═══ INPUT ═══
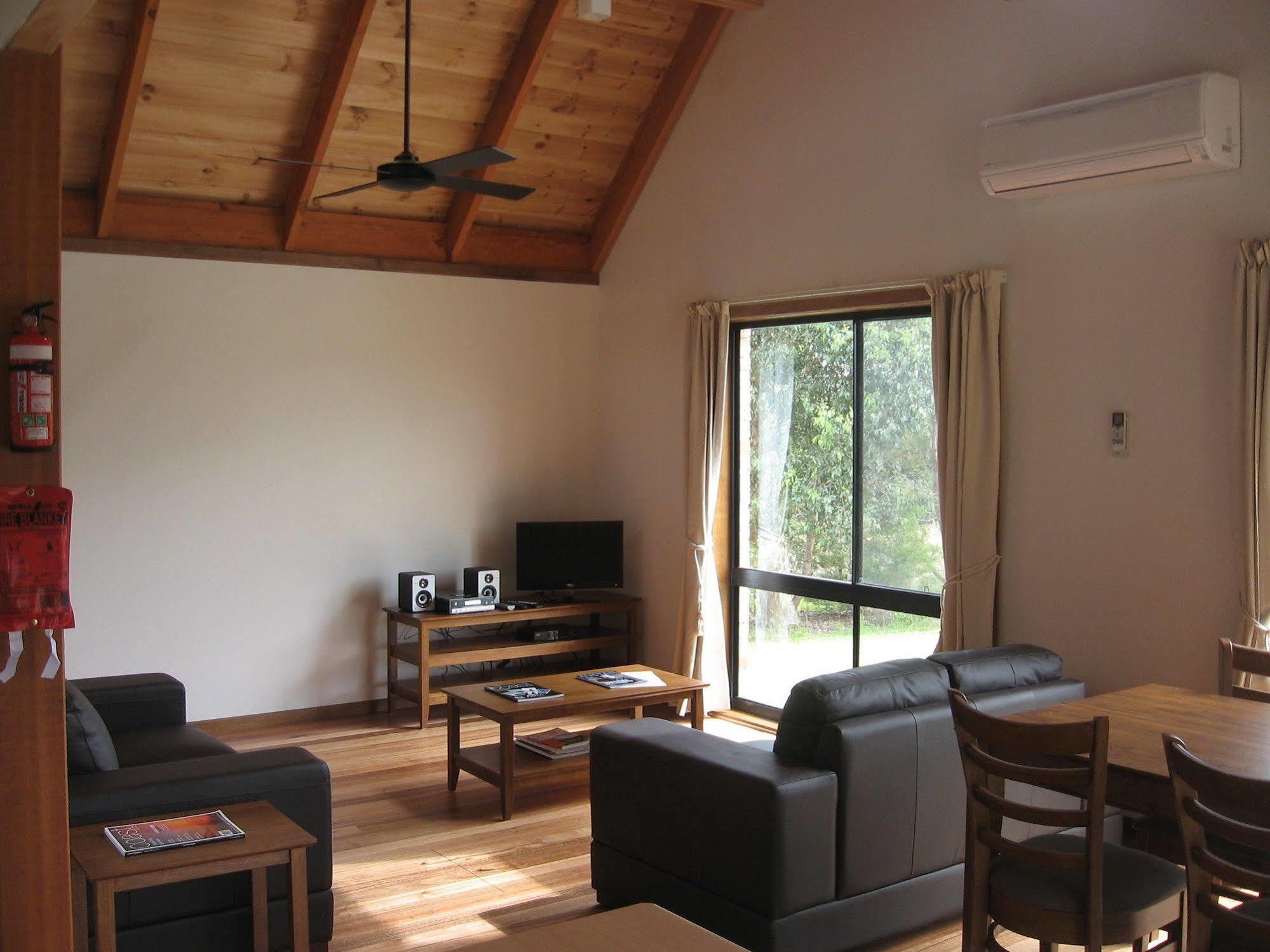 Prom Coast Holiday Lodge Waratah Bay Екстериор снимка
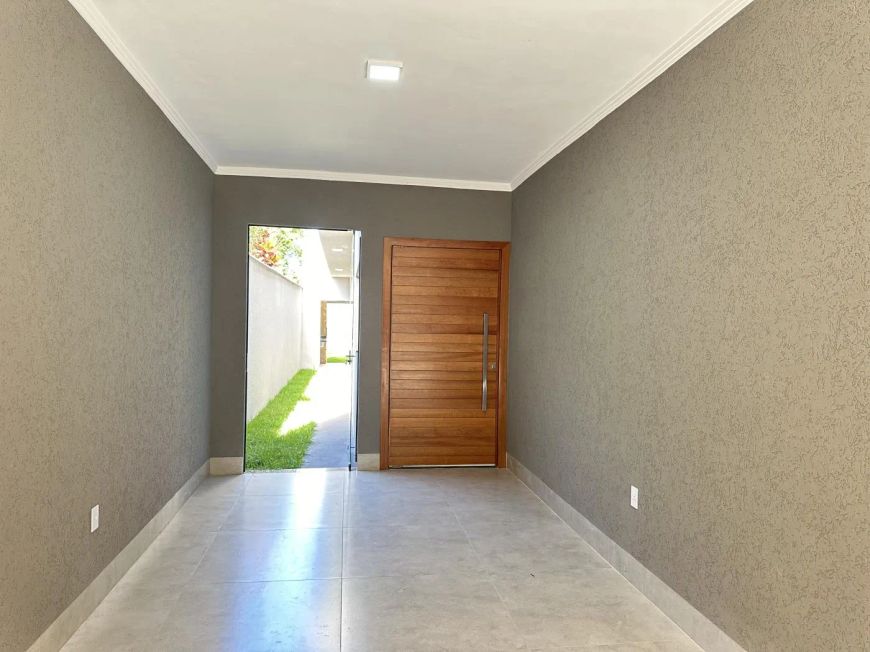Casa para Venda em Aparecida de Goiânia, Jardim Mont Serrat, 3 dormitórios, 1 suíte, 3 banheiros, 2
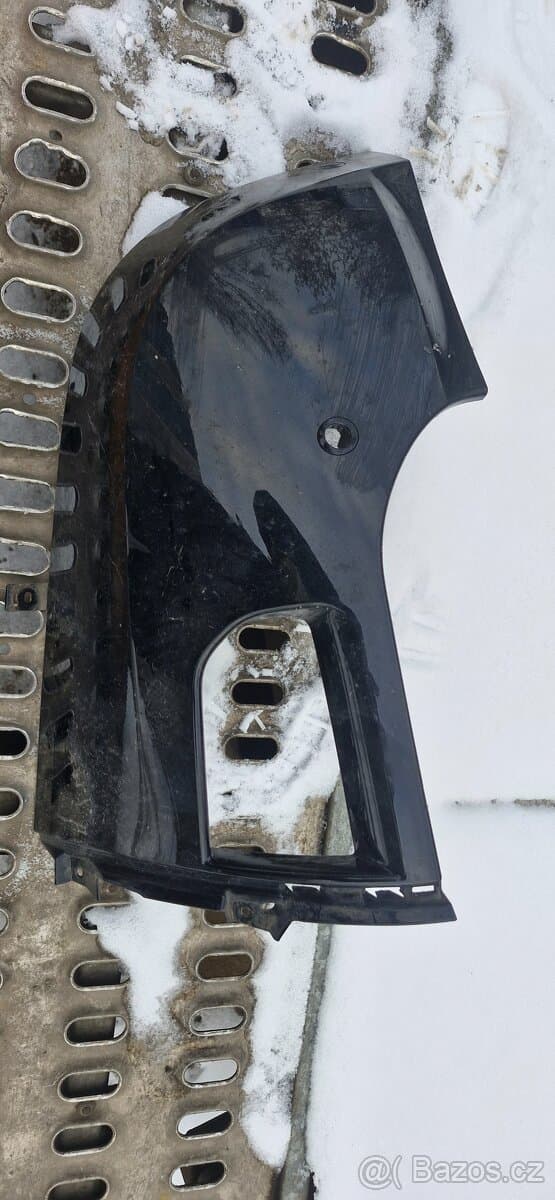 Roh predniho narazniku land rover defender L663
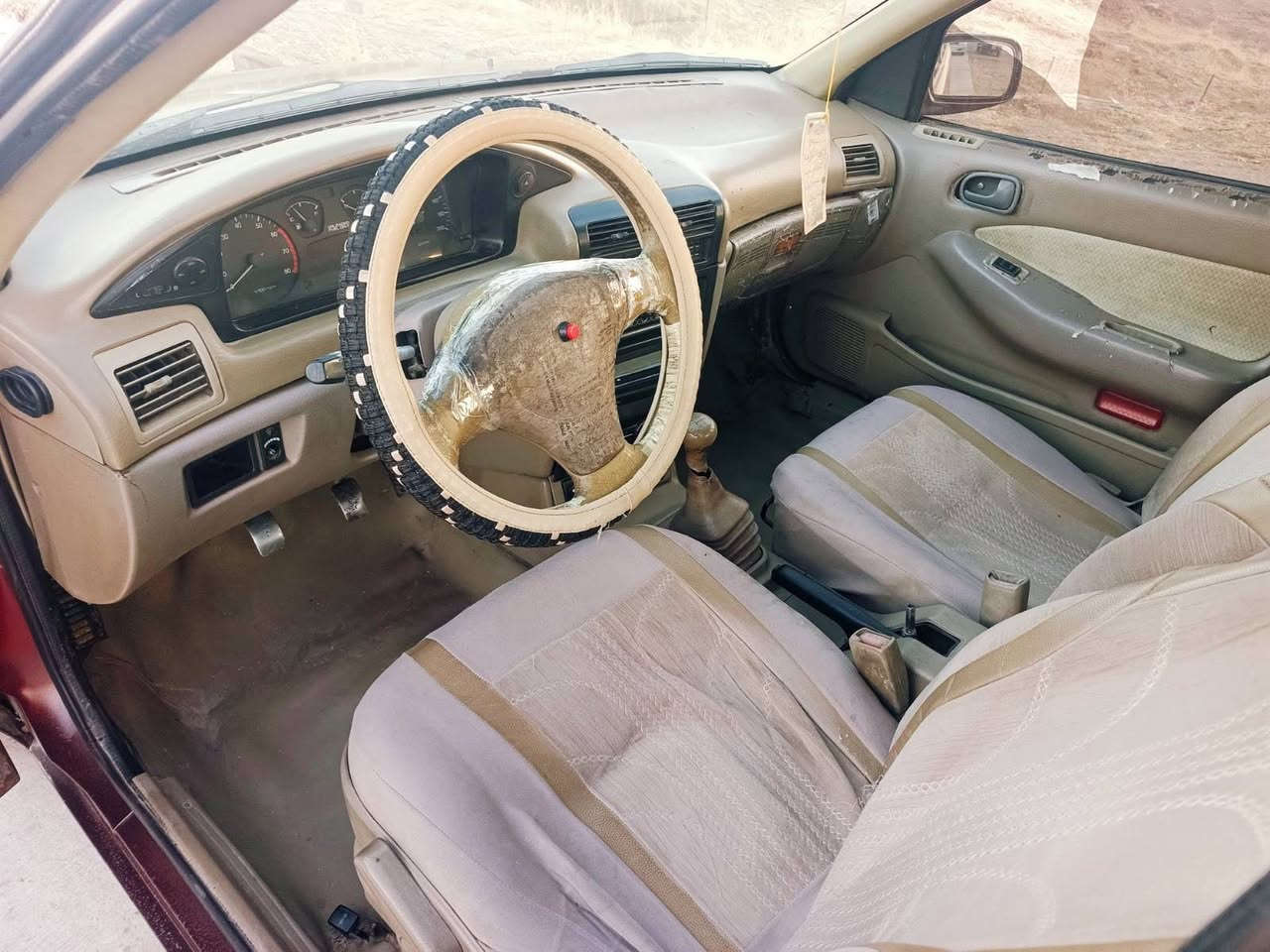 بەناوی خوای گەورە
کیا سیڤیا مۆدێل 1993 ئاڕم سلێمانی
سەیارەکە ماشاللەی دەوئ ناوزەردەو ناوەوەی لۆکە
مەکینە شازدەو بەخە
گێرومەکینەو ئاڕم بەشەرت 
ئەشیای تەبریدی مەزبوت پێوەیە
پشتو پێشی کەپسە
نرخی 17وەرەقەو مجال
لەڕانیەیە
***********
ڤایبەرو وەتس ئەپی لەسەرە
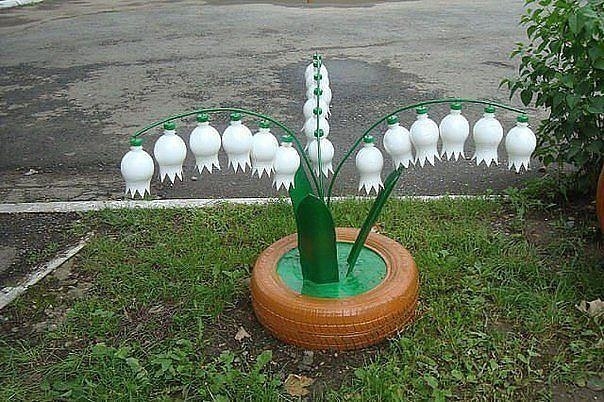 Поделки для дачи. Цветы из пластиковых бутылок. Поделки для дачи. Цветы из пластиковых бутылок.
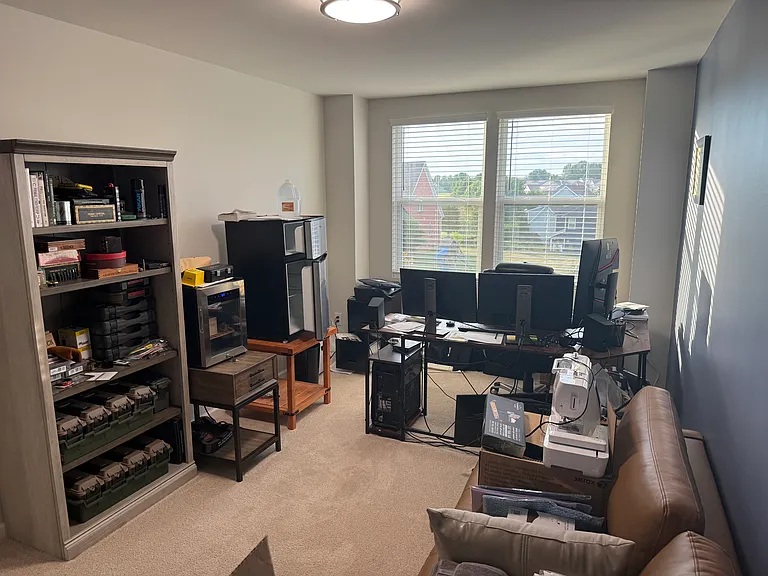 4th Bedroom (or office)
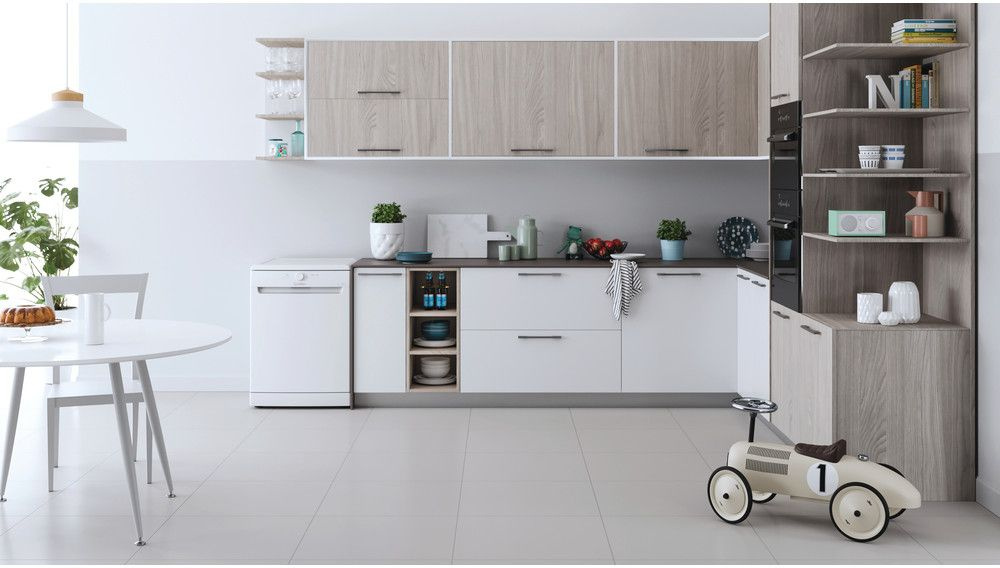 Посудомоечная машина Indesit DFE 1B19 13 белый (полноразмерная) — фото 6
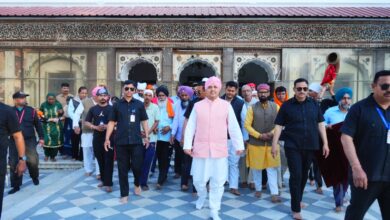 झण्डे मेले की भव्यता बढ़ाने पंजाब से पहुंची पैदल संगत, महाराज की अगुवाई में पुष्प वर्षा के बीच हुआ संगत का जोरदार स्वागत 
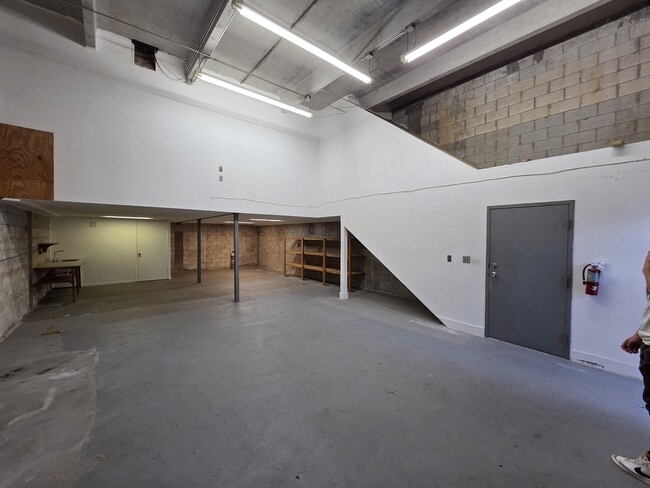 Building Photo - 13718 SW 145th Ct Unit 7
═══
• ASSIGNMENT
All that is wanted is an exact copy of the lines from the line bearing "Посудомоечная машина Indesit" through the final line of the entries, including both ends but no pictures.

• EXERCISE ANSWER
 Посудомоечная машина Indesit DFE 1B19 13 белый (полноразмерная) — фото 6
 झण्डे मेले की भव्यता बढ़ाने पंजाब से पहुंची पैदल संगत, महाराज की अगुवाई में पुष्प वर्षा के बीच हुआ संगत का जोरदार स्वागत 
 Building Photo - 13718 SW 145th Ct Unit 7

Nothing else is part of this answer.